The next step would be improved contract tracing, which essentially involves connecting the dots of who an infected person may have been in contact with prior to diagnosis. While contact tracing at this point in the epidemic can be hard to implement on a large scale, the facts show that contact tracing works—and big data provides the opportunity for accurate contact tracing based on so much more than just an individual’s memory of whom they’ve spent time with. According to the Harvard Business Review, contact tracing helped curb the spread of COVID-19 in East Asia, and it could absolutely do so for the rest of the world.
Indeed, big data and data analysis has been instrumental in curtailing the COVID-19 pandemic. But this data doesn’t exist in a bubble. There are caveats we need to pay attention to, lest we risk derailing the international community’s efforts to mitigate the spread of this outbreak.

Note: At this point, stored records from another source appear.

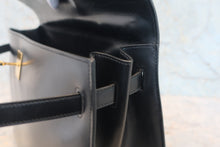 将图片加载到图库查看器,HERMES KELLY 35 Box carf leather Black 〇P刻印 Hand bag 800020062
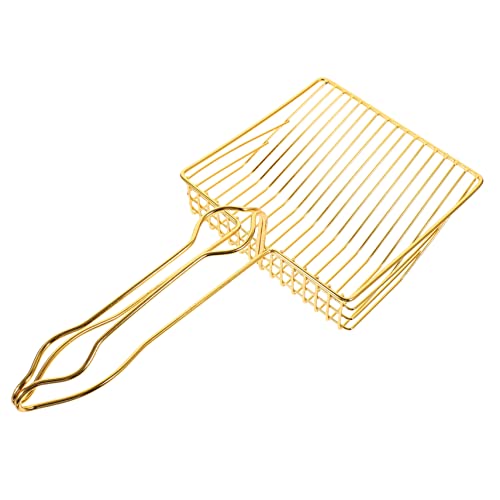 Toddmomy Pala para Gatos Cat Litter rascadores Pala para Arena para Gatos Arena de Gato raspador Verter Tiki primicia de Basura casera Accesorio de Limpieza de Arena para Gatos Metal Golden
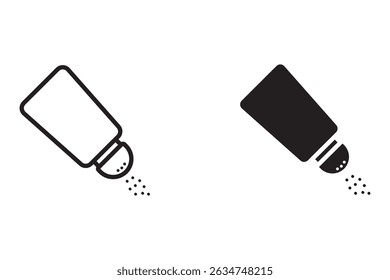 salero o pimentero Icon set. Símbolo de silueta. Especias. Vector aislado ilustración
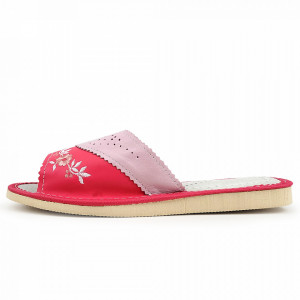 Papuci de Casa Dama Material Piele Culoare Roz Model 'Cotton Candy'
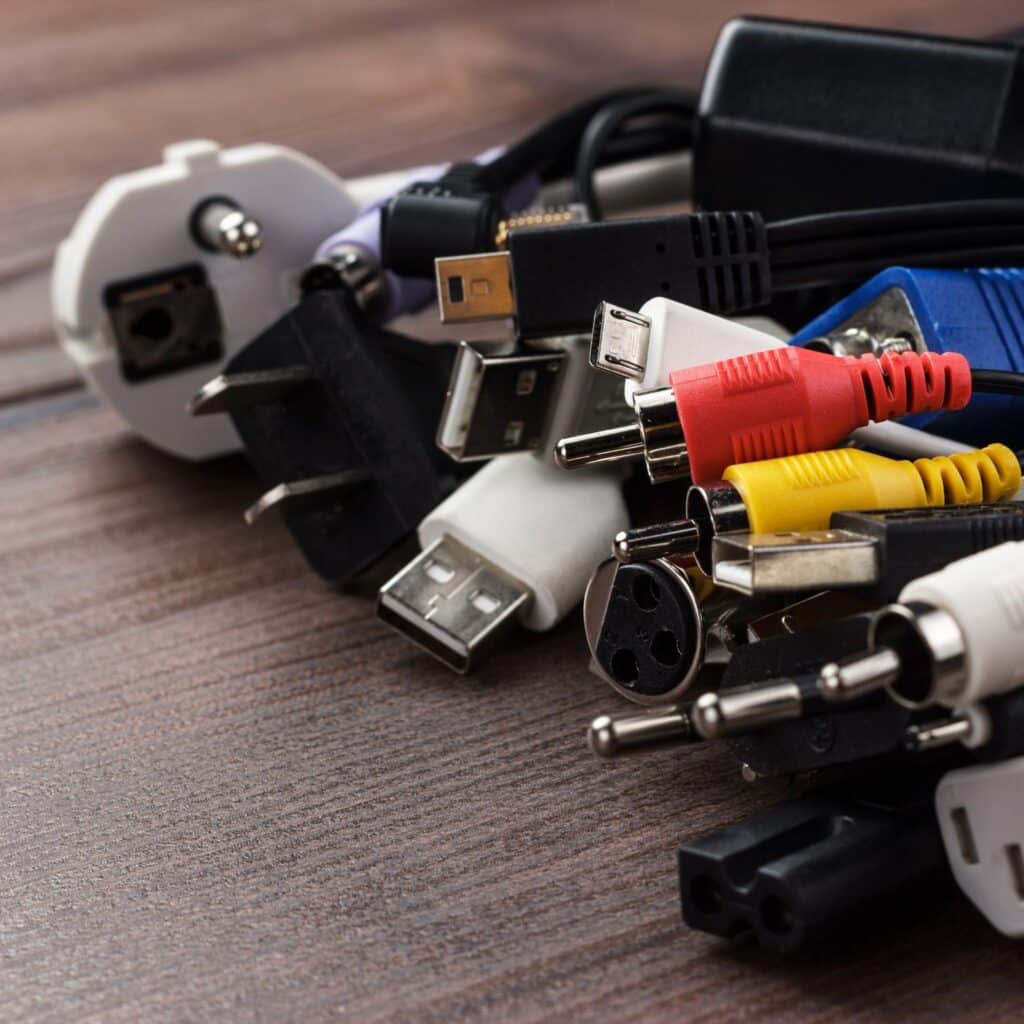 cords and cables closeup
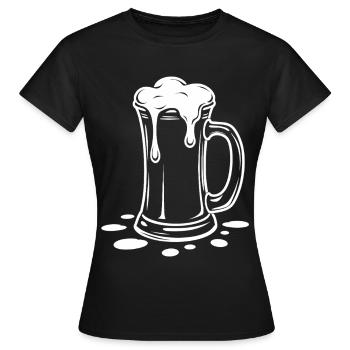 Überlaufender Bierkrug Schaum Party - Frauen T-Shirt - Schwarz - Vorne - AI Model Female 172 dark (172cm)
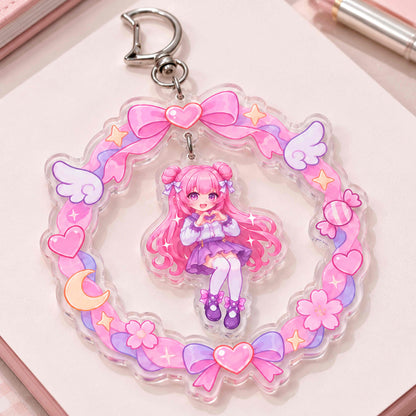 Cute pink anime girl acrylic swing keychain, kawaii wreath frame bag charm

Caveats of Big Data Use in COVID-19
While big data has been a tremendous help in the fight against COVID-19, some drawbacks exist:
• Interpretation: Policymakers and others who wish to harness the power of big data must look at the data in terms of context. Though the so-called “curve” has been squashed, this has only been due to society’s collective efforts to practice social distancing, handwashing, and in many places, adhering to stay-at-home measures. For this reason, the current decrease in the rate of new cases should not be seen as a reason to give up all of the efforts we have put into play. Without the proper interpretation of the current data and trends related to COVID-19, the results could be disastrous. Harnessing the full potential of the data won’t be a solo effort by the data science community alone—we need to be working as a team with the healthcare experts with biomedical expertise to draw conclusions and make decisions which can benefit society
• Privacy issues: Companies and governments have been working together to obtain location data for users of mobile phones and the internet to develop contact tracing methods. These efforts largely involve analyzing vast datasets in order to reveal patterns in movements and behaviour that can be used to implement safety measures to prevent the spread of the epidemic. While there is no question that contact tracing methods are effective to reduce the spread of COVID-19, there are certainly privacy issues to consider.
• Lack of real-world context: Big data initially told us that the vast majority of people impacted by COVID-19 were elderly or with underlying health conditions. While it is true these are the groups most at risk, we have since learned that COVID-19 can, and does, lead to serious complications for those outside those groups as well. Doctors and healthcare workers play an important role in data interpretation. We cannot be making predictions and drawing conclusions without the healthcare and scientific context.
Proceeding with Caution
Big data is powerful. But with great power comes great responsibility. While we have access to this huge database of information, there will always be some blind spots and missing variables of data that prevent us from having the full picture.
In the proper context, big data can be incredibly useful. But in order to harness its full power, we need to have both people who are familiar with data models as well as people who understand the epidemiology and the medical implications of the virus to work together.
It is important to keep in mind that existing big data models may be incomplete due to variables that remain unaccounted for (such as population density), either due to statistical or methodological limitations, or because the relevant variables have not yet been identified. This means that despite our best efforts, we may still be missing the entire picture on COVID-19.
The truth is, predictive analytics are just that: predictive, not fortune-telling. But the more information we put into existing models, the more accurate our interpretations will be.
That will require healthcare workers, policymakers, data scientists and epidemiologists all working together to combine what they know and provide the most accurate picture possible.